**GIVEN INFORMATION**
____________

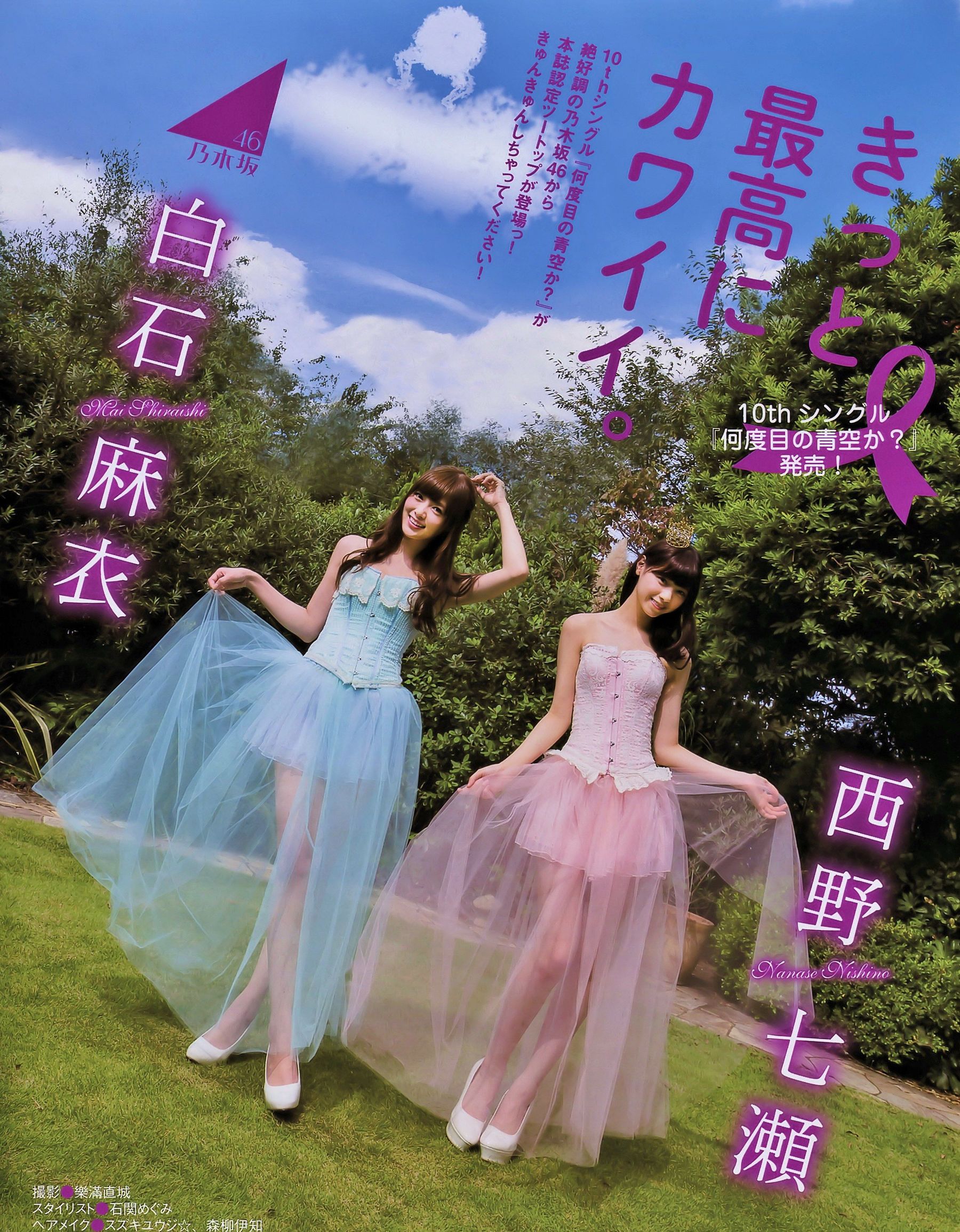 [EX Taishu] 2014年No.11 白石麻衣 西野七瀬 兒玉遥 大和田南那 [24P] - 秀人网免费无水印在线套图写真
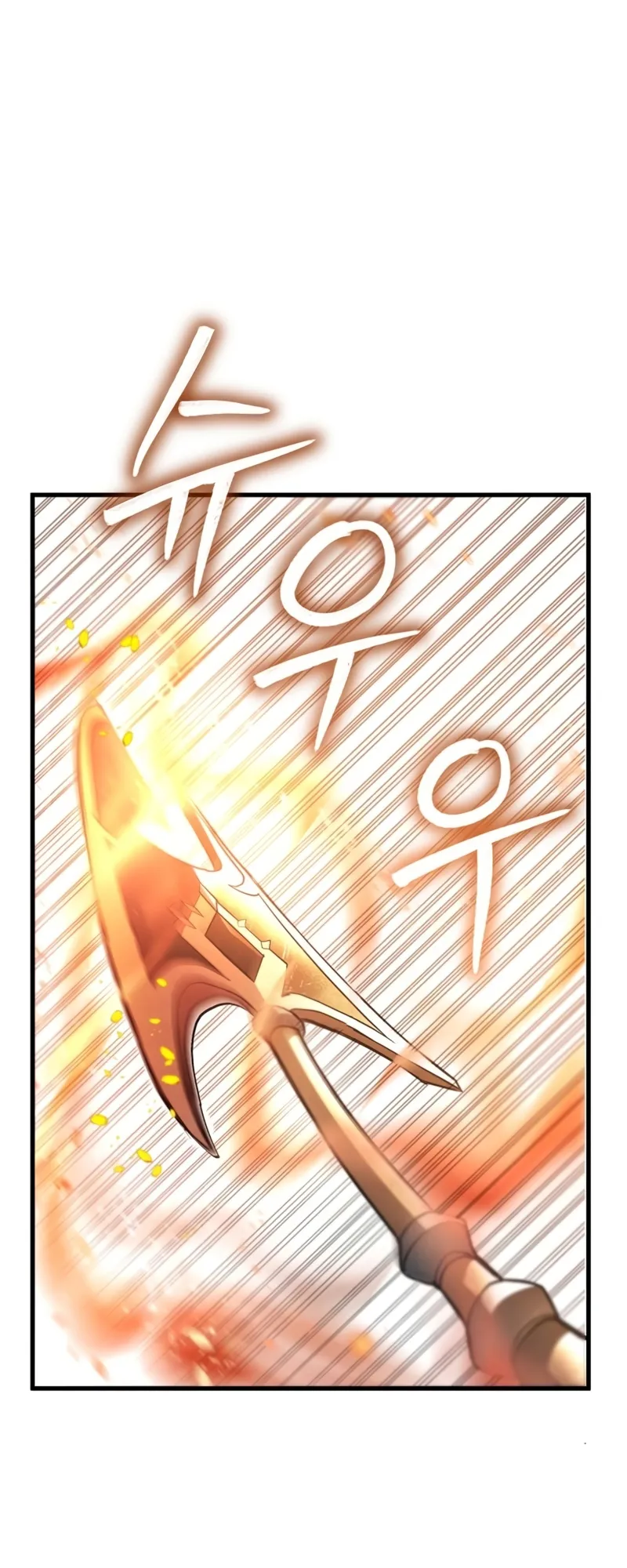 Gods Gambit ตอนที่ 6 หน้า 29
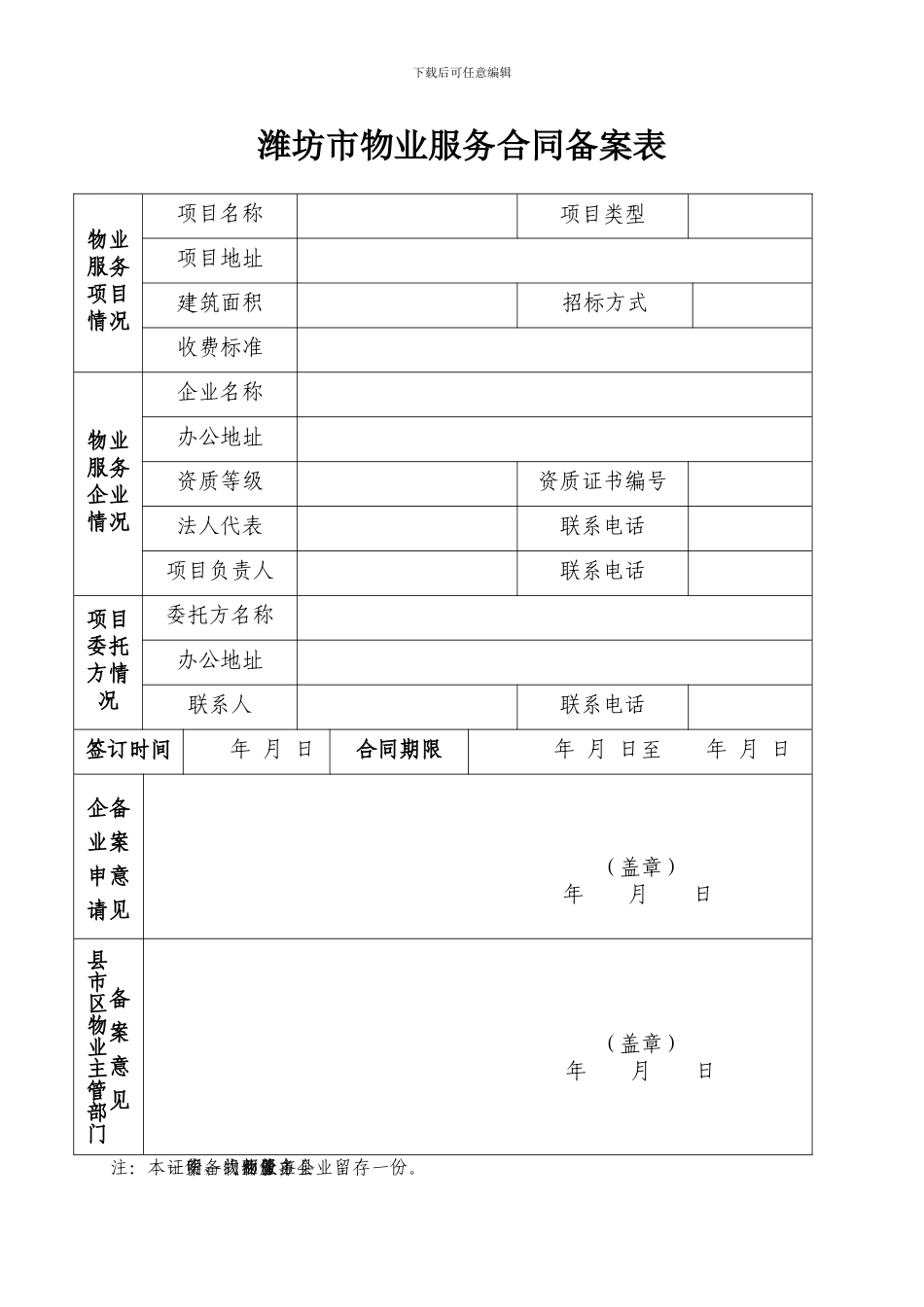 潍坊市物业服务合同备案表_第1页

____________

**EXERCISE**
Give the data above again, exactly, with every picture removed.

**ANSWER**
 [EX Taishu] 2014年No.11 白石麻衣 西野七瀬 兒玉遥 大和田南那 [24P] - 秀人网免费无水印在线套图写真
 Gods Gambit ตอนที่ 6 หน้า 29
 潍坊市物业服务合同备案表_第1页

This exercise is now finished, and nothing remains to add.